GET vs. POST Revisited

By Deane Barker on October 30, 2006

POST Considered Inconvenient: Another solid rant on GET vs. POST. The author makes the argument that you should always use GET, unless the script “is not safe,” in which case you should use POST.

This dual method approach is a common antipattern in web apps. You should never have the same script that blithely accepts the same parameters via GET or POST and returns the same value. The script should pick one and stick to it. If the script is safe, then use GET. If the script is unsafe (i.e. has side effects) use POST. However it is not appropriate to pick both. That either loses search engine juice and linkability (using POST where GET is called for) or opens security holes (using GET where POST is called for).

The argument for GET:

POST requests cannot be bookmarked, linked to, indexed, searched, or cached. […] GET is vastly friendlier to users and dramatically improves your search engine placement.

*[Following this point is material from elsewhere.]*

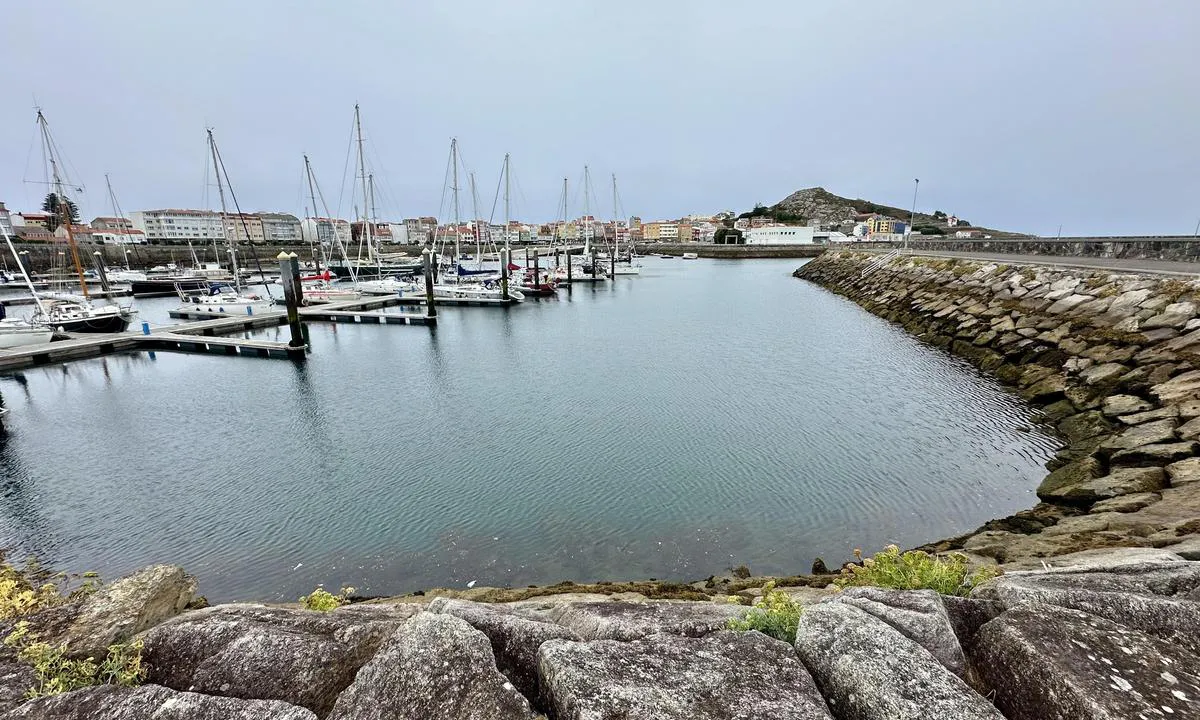 MARINA MUXIA: {"base": "no", "no": "Stor og god molo som beskytter mot svell ( ny molo p\u00e5 utsiden)", "se": "Stor och bra pir som skyddar mot svall (ny pir p\u00e5 utsidan)", "en": "Large and good breakwater that protects against swell (new breakwater on the outside)", "da": "Stor og god mole som beskytter mod svell (ny mole p\u00e5 ydersiden)", "fr": "Grand et bon m\u00f4le qui prot\u00e8ge contre la houle (nouveau m\u00f4le \u00e0 l'ext\u00e9rieur)", "de": "Gro\u00dfer und guter Wellenbrecher sch\u00fctzt gegen Schwell (neuer Wellenbrecher auf der Au\u00dfenseite)", "es": "Gran y buen malec\u00f3n que protege contra el oleaje (nuevo malec\u00f3n en el exterior)", "it": "Grande e buon molo che protegge dal moto ondoso (nuovo molo all'esterno)", "pt": "Grande e bom quebra-mar que protege contra a ondula\u00e7\u00e3o (novo quebra-mar no exterior)", "nl": "Grote en goede golfbreker die beschermt tegen deining (nieuwe golfbreker aan de buitenkant)", "pl": "Du\u017cy i dobry falochron, kt\u00f3ry chroni przed falami (nowy falochron na zewn\u0105trz)", "uk": "\u0412\u0435\u043b\u0438\u043a\u0430 \u0442\u0430 \u0434\u043e\u0431\u0440\u0430 \u043c\u043e\u043b\u0430, \u0449\u043e \u0437\u0430\u0445\u0438\u0449\u0430\u0454 \u0432\u0456\u0434 \u0445\u0432\u0438\u043b\u044c (\u043d\u043e\u0432\u0430 \u043c\u043e\u043b\u0430 \u0437\u0437\u043e\u0432\u043d\u0456)", "ro": "Dig mare \u0219i bun care protejeaz\u0103 \u00eempotriva valurilor (dig nou pe exterior)", "tr": "B\u00fcy\u00fck ve iyi bir mendirek dalgalara kar\u015f\u0131 korur (d\u0131\u015f tarafta yeni mendirek)", "el": "\u039c\u03b5\u03b3\u03ac\u03bb\u03bf\u03c2 \u03ba\u03b1\u03b9 \u03ba\u03b1\u03bb\u03cc\u03c2 \u03bc\u03cc\u03bb\u03bf\u03c2 \u03c0\u03bf\u03c5 \u03c0\u03c1\u03bf\u03c3\u03c4\u03b1\u03c4\u03b5\u03cd\u03b5\u03b9 \u03b1\u03c0\u03cc \u03c4\u03bf\u03bd \u03ba\u03c5\u03bc\u03b1\u03c4\u03b9\u03c3\u03bc\u03cc (\u03bd\u03ad\u03bf\u03c2 \u03bc\u03cc\u03bb\u03bf\u03c2 \u03c3\u03c4\u03bf \u03b5\u03be\u03c9\u03c4\u03b5\u03c1\u03b9\u03ba\u03cc)", "cs": "Velk\u00fd a dobr\u00fd molo, kter\u00fd chr\u00e1n\u00ed p\u0159ed vlnami (nov\u00fd molo na vn\u011bj\u0161\u00ed stran\u011b)", "hu": "Nagy \u00e9s j\u00f3 m\u00f3l\u00f3, amely v\u00e9d a hull\u00e1mver\u00e9s ellen (\u00faj m\u00f3l\u00f3 k\u00edv\u00fcl)", "fi": "Suuri ja hyv\u00e4 aallonmurtaja, joka suojaa maininkia vastaan (uusi aallonmurtaja ulkopuolella)", "bg": "\u0413\u043e\u043b\u044f\u043c\u043e \u0438 \u0434\u043e\u0431\u0440\u043e \u043f\u0440\u0438\u0441\u0442\u0430\u043d\u0438\u0449\u0435, \u043a\u043e\u0435\u0442\u043e \u043f\u0440\u0435\u0434\u043f\u0430\u0437\u0432\u0430 \u043e\u0442 \u0432\u044a\u043b\u043d\u0438 (\u043d\u043e\u0432\u043e \u043f\u0440\u0438\u0441\u0442\u0430\u043d\u0438\u0449\u0435 \u043e\u0442\u0432\u044a\u043d)", "sr": "Veliki i dobri mol koji \u0161titi od talasa (novi mol s vanjske strane)", "et": "Suur ja hea muul, mis kaitseb lainetuse eest (uus muul v\u00e4ljaspool)", "lv": "Liels un labs mols, kas aizsarg\u0101 pret bang\u0101m (jauns mols \u0101rpus\u0113)", "lt": "Didelis ir geras molas, apsaugantis nuo bang\u0173 (naujas molas i\u0161or\u0117je)"}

  1. I agree that when it comes to a search and results situation, or some sort of navigation, using the GET method is easier and friendlier for the end user. However, do you really want to upload a 10MB binary file using GET? Insert critical information into a database using GET? As with everything, both GET and POST have their strengths and weaknesses, but to say that you should ALWAYS use GET (even when a user-friendly URL is not needed) is overzealous in my book.